Modularity
The concept of modularity in computer software has been espoused for almost four decades. The Software architecture embodies modularity which is, software is divided into separately addressable and named components called modules which are integrated to satisfy problem needs.
It has been begin that modularity is the single attribute of software which allows a program to be intellectually manageable. The Monolithic software example for a huge program comprised of a single module cannot be simply grasped by a reader. The number of control, span of reference, paths number of variables and overall complexity would make understanding close to impossible. To describe this point let's consider the following argument based on observations of human problem solving.
Let C(x) be a function which describe the perceived complexity of a problem x and E(x) be a function which describe the effort in time need to solve a problem x. For 2 problems p1 and p2, if it follows that
C(p1) > C(p2) (1a)
E(p1) > E(p2) (1b)
As a general case this result is intuitively observable. It does take more time to solve a hard problem.
Another interesting characteristic has been uncovered by experimentation in human problem solving. Which is
C(p1+p2) > C(p1) + C(p2) (2)
The Equation (2) implies in which the perceived complexity of a problem which combines p1 and p2 is greater than the perceived complexity when each problem is considered separately. The Considering equation (2) and the condition implied through equations (1), it follows which
E(p1+p2) > E(p1)+E(p2) ........3
This leads to conquer and divide conclusion - it's simpler to solve a complex problem when you break it into manageable pieces. Result expressed in inequality has very important implications with regard to software and modularity. It is fact an argument for modularity.

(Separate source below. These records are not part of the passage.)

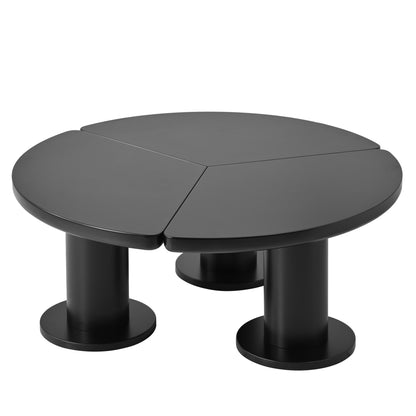 ON-TREND Φ39.4'' Easy Assembly Round Petal-Shaped Coffee Table, Cream Style Center Table with 3 Thick Legs, Minimalist Irregular End Table with Sleek Round Edges for Living Room, Black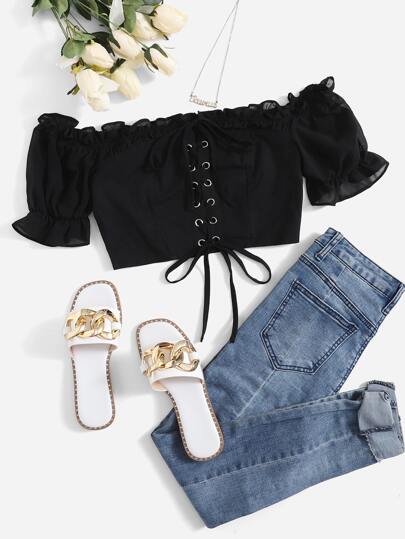 SHEIN Puff Sleeve Frilled Garment Eyelet Lace Up Top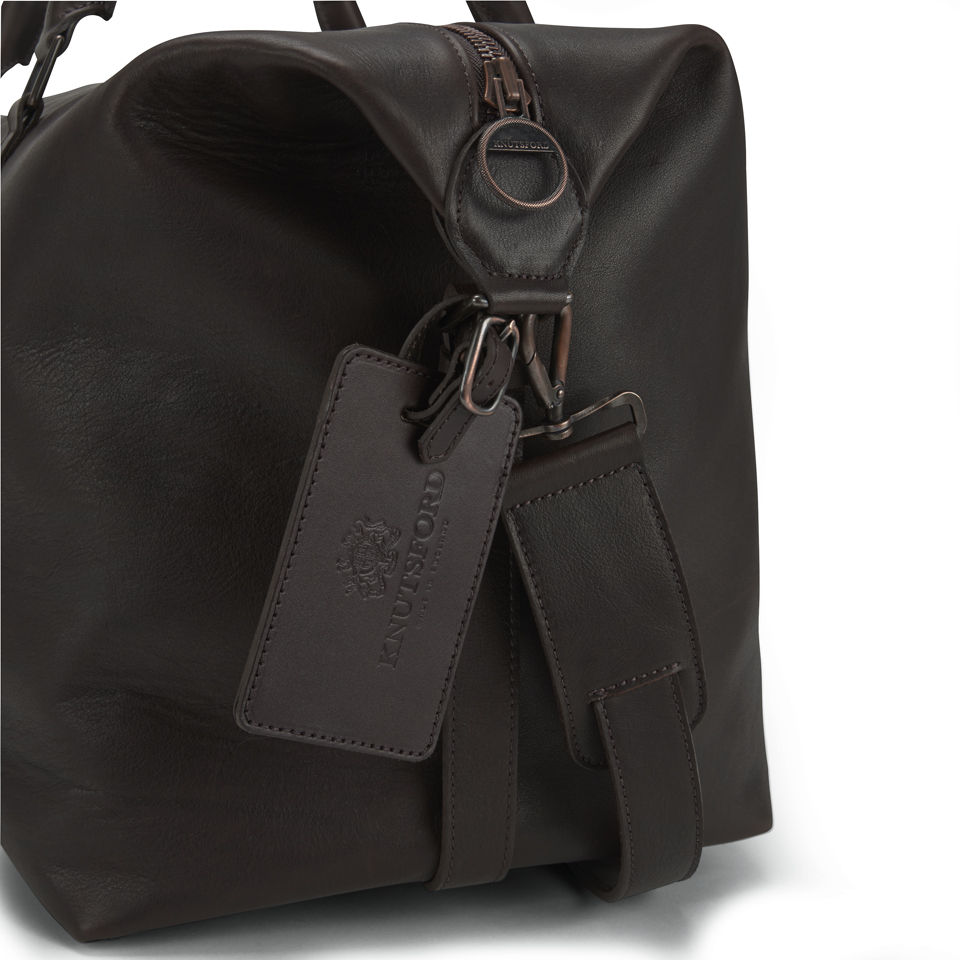 Knutsford Men's Leather Holdall Bag - Dark Brown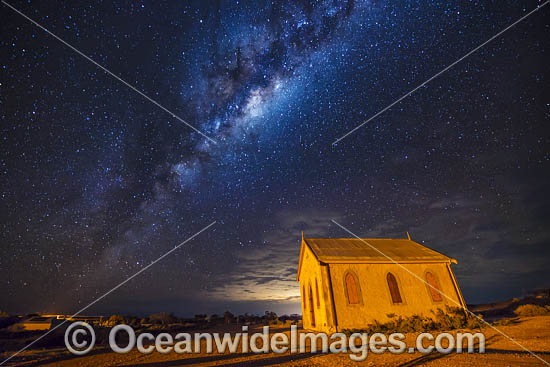 Night picture of the Milky Way and Historic Methodist Church, built in 1885. Situated in the outback town of Silverton, near Broken Hill, New South Wales, Australia. Photo - Gary Bell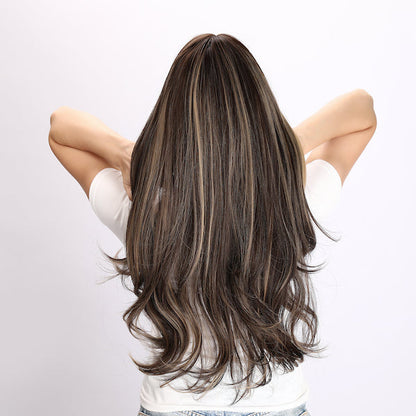 Color: brown and black mix wig Style: deep wave wig, curly wig Length: 26 inch wig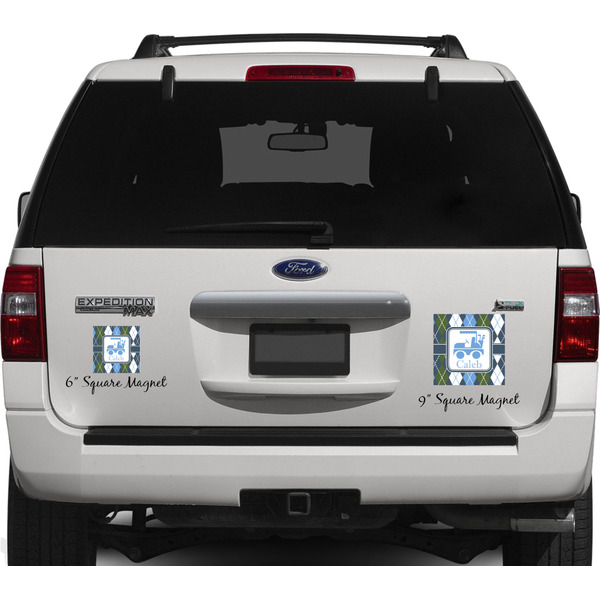 Blue Argyle Personalized Square Car Magnets on Ford Explorer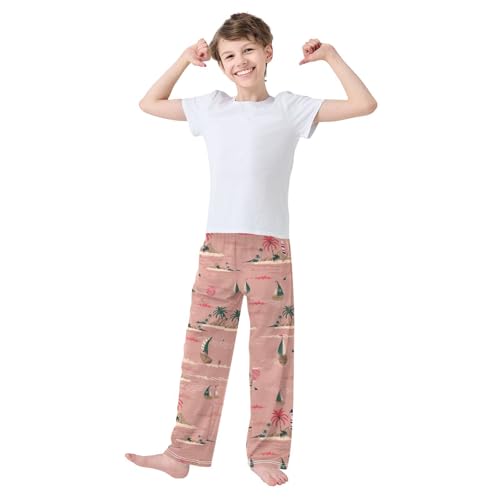 ZZXXB Lighthouse Boat Boys Long Pants Soft Trousers Elastic Waist Kids Lounge Bottoms with Pockets S-XL2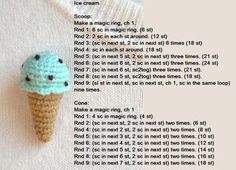 a crocheted ice cream cone brooch sits on top of a white sweater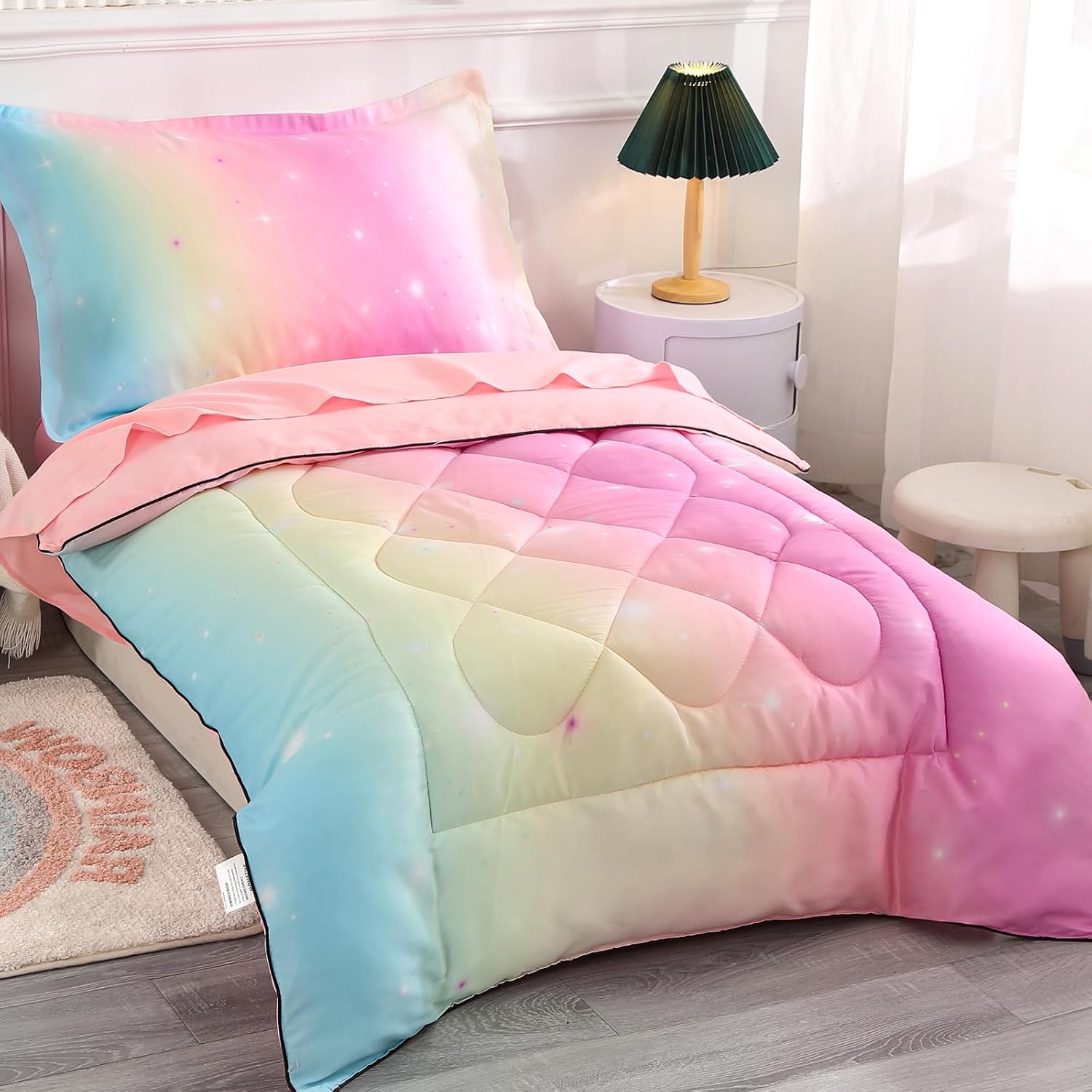 Toddler Bedding Set for Girls, 4 Piece Pink Toddler Girl Bedding Set Toddler Bed Sets for Girls Stars Princess Comforter Set with Toddler Comforter, Flat Sheet, Fitted Sheet, Pillowcase, Pink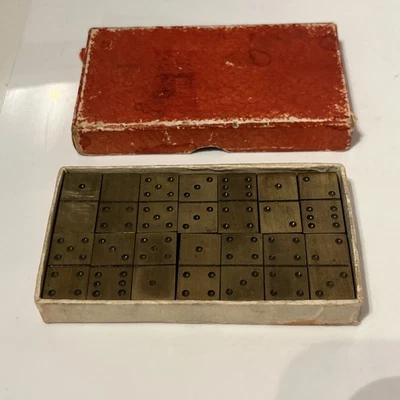 Vintage Mini Brass Domino Set in Original Box  - Image 1 of 4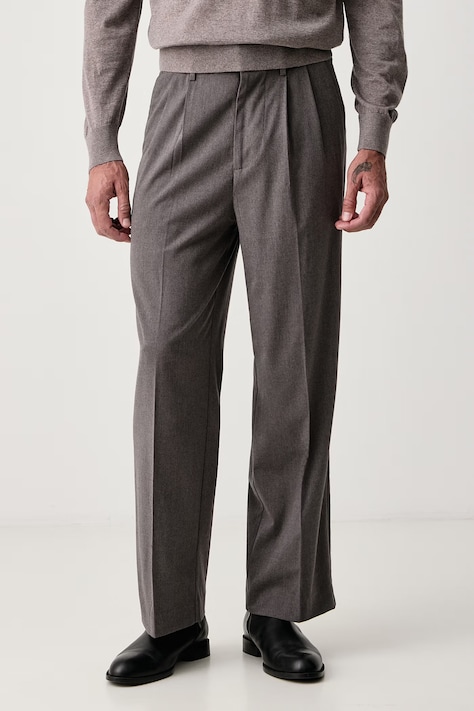 Lindbergh Spodnie wide leg męskie szare regular waist 30.001121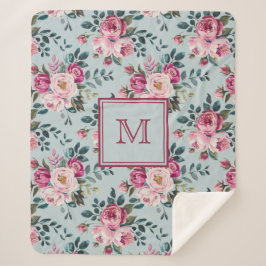 Cobertor Sherpa Grandmillennial Dusty Rose Floral Custon Monogram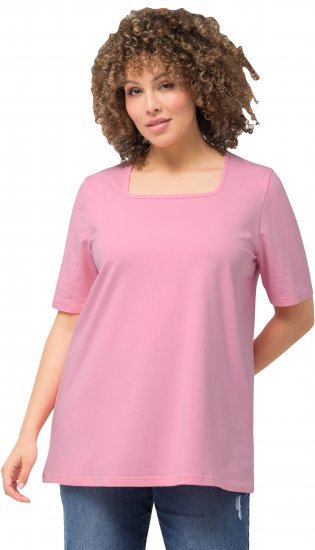 Ulla Popken Essential Square Neck Stretch Tee Light Pink - Тениски -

It is possible to conclude from not equality (3) in which if we subdivide software indefinitely the effort needs to establish it will become negligibly small! Unfortunately other forces come into play causing this conclusion to be sadly invalid. In figure 18.2 describe, the effort cost to established an individual software module does decrease as the total number of modules increases. By given the similar group of requirements more modules mean smaller individual size. Moreover, as the number of modules grows the effort cost related with integrating the modules also grow. With These characteristics it lead to a total cost or effort curve describe in the figure. There is a number M of modules which would result in minimum development cost but we do not have the necessary sophistication to predict M with assurance.
The curves describe in Figure do give useful guidance when modularity is measured. We should modularize but care should be taken to stay in the vicinity of M. Under modularity or over modularity should be avoided but How modular should we make software? how do we know the vicinity of M? The answers to these questions need an understanding of other design concepts considered later in this lecture another important question rise when modularity is considered. How do we describe an appropriate module of a given size? The answer lies in the methods used to describe modules within a system. The Meyer defines 5 criteria which enable us to evaluate a design technique with respect to its ability to define an effective modular system:
Modular decomposability: If a design technique provides a systematic mechanism for decomposing the problem into sub problems it will decrease the complexity of the overall problem thereby achieving an effective modular solution.
Modular composability: If a design technique enables existing reusable design parts to be assembled into a new system it will yield a modular solution that does not reinvent the wheel.
Modular understandability: It will be simple to easier and build to modify a module can be understood as a standalone unit without reference to other modules.
Modular continuity: If little changes to the system needs result in changes to individual modules rather than system-broad changes the impact of modification-induced side effects will be minimized.
Modular protection: If an aberrant situation occurs within a module and its effects are constrained within that particular module the impact of error-induced side effects will be minimized.
At the final stage, it is important to note that a system may be designed modularly even if its implementation must be monolithic. There are condition Example for real time software embedded software in which relatively minimal speed and memory overhead introduced by subprograms example for subroutines, procedures is unacceptable. In such situations like software can and should be designed with modularity as an overriding philosophy. Code may be developed in-line. While the program source code may not look modular at first glance the philosophy has been maintained and the program will give the advantages a modular system.